- _ASSIGNMENT_
From the data below, set down exactly the lines between the one holding "Star Wars - Clone Wars Adventures" and the one holding "used 2020 Lincoln", inclusive, and no others.

- _DATASET RECORDS_
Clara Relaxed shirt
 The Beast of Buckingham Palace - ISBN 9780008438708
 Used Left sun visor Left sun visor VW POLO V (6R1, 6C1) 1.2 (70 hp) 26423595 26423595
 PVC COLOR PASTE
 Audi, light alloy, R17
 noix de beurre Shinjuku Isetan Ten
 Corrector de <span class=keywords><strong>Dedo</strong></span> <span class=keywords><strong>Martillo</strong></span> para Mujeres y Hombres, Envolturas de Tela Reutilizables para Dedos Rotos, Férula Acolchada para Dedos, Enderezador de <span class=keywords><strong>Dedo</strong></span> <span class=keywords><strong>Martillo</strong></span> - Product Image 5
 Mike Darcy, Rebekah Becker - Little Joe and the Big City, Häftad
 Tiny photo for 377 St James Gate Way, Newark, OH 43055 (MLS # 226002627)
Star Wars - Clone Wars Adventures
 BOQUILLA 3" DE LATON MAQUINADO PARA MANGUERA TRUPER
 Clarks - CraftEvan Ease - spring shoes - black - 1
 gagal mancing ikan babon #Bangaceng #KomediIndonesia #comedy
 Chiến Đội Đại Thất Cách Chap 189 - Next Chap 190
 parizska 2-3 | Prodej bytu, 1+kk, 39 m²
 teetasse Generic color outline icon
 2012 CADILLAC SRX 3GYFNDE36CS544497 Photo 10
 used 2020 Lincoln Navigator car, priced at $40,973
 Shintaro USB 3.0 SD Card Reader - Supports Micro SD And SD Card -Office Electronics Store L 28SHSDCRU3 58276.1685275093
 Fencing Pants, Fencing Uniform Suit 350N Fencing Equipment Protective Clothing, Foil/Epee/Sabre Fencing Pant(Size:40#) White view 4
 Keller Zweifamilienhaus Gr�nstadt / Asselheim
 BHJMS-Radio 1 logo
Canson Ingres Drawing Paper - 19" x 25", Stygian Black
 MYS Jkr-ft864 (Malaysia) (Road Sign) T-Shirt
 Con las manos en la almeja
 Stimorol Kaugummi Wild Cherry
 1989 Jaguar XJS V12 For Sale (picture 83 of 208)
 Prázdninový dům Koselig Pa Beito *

- _RESULT OF THE EXERCISE_
Star Wars - Clone Wars Adventures
 BOQUILLA 3" DE LATON MAQUINADO PARA MANGUERA TRUPER
 Clarks - CraftEvan Ease - spring shoes - black - 1
 gagal mancing ikan babon #Bangaceng #KomediIndonesia #comedy
 Chiến Đội Đại Thất Cách Chap 189 - Next Chap 190
 parizska 2-3 | Prodej bytu, 1+kk, 39 m²
 teetasse Generic color outline icon
 2012 CADILLAC SRX 3GYFNDE36CS544497 Photo 10
 used 2020 Lincoln Navigator car, priced at $40,973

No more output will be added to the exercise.